──────── RECORDS TO PROCESS ────────

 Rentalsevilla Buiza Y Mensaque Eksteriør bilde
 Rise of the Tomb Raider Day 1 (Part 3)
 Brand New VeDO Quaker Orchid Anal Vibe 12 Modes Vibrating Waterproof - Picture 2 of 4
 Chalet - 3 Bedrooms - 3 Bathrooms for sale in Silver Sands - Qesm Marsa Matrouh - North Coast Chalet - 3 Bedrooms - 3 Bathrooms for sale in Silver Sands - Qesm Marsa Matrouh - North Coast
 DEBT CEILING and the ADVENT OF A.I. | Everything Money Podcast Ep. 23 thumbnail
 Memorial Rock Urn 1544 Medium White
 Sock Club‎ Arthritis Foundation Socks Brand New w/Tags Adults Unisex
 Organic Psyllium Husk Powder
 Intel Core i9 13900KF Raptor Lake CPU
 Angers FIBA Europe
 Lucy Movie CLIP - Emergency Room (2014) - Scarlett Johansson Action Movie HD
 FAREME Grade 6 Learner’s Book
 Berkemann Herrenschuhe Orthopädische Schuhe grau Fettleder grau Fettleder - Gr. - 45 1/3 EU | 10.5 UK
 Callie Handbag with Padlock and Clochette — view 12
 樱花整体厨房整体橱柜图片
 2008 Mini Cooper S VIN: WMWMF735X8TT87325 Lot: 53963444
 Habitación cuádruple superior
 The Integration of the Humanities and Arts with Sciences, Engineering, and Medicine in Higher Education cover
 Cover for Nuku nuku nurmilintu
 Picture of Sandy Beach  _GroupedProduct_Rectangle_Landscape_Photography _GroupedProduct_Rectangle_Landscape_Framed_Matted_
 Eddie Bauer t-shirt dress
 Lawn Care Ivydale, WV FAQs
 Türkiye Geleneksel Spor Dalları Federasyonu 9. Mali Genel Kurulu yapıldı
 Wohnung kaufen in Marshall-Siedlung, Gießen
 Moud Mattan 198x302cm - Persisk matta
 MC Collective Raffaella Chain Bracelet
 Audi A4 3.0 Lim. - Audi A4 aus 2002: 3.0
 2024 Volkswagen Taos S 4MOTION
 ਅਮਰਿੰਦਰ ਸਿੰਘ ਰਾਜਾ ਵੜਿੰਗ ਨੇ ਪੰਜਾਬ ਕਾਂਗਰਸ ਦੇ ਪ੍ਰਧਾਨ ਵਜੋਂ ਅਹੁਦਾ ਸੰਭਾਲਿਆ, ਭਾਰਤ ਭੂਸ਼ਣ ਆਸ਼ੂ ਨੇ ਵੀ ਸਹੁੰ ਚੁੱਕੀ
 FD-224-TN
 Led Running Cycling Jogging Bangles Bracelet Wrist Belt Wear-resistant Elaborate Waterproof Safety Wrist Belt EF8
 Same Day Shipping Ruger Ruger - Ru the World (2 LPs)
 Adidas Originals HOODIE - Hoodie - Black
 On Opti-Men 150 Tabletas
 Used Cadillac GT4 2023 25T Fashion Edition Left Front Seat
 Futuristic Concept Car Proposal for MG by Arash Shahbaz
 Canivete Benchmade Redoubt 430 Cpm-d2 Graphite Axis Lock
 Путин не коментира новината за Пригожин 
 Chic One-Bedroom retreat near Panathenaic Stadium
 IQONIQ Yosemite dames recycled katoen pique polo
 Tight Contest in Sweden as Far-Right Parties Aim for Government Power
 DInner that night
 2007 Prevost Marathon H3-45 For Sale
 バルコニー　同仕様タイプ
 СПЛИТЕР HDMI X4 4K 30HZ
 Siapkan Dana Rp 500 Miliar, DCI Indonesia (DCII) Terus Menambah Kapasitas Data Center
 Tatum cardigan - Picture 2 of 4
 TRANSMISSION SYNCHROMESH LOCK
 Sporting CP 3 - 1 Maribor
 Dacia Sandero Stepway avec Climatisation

────────

Your answer should consist of each line above in which "Waterproof" appears.

### [SOLUTION BELOW]
 Brand New VeDO Quaker Orchid Anal Vibe 12 Modes Vibrating Waterproof - Picture 2 of 4
 Led Running Cycling Jogging Bangles Bracelet Wrist Belt Wear-resistant Elaborate Waterproof Safety Wrist Belt EF8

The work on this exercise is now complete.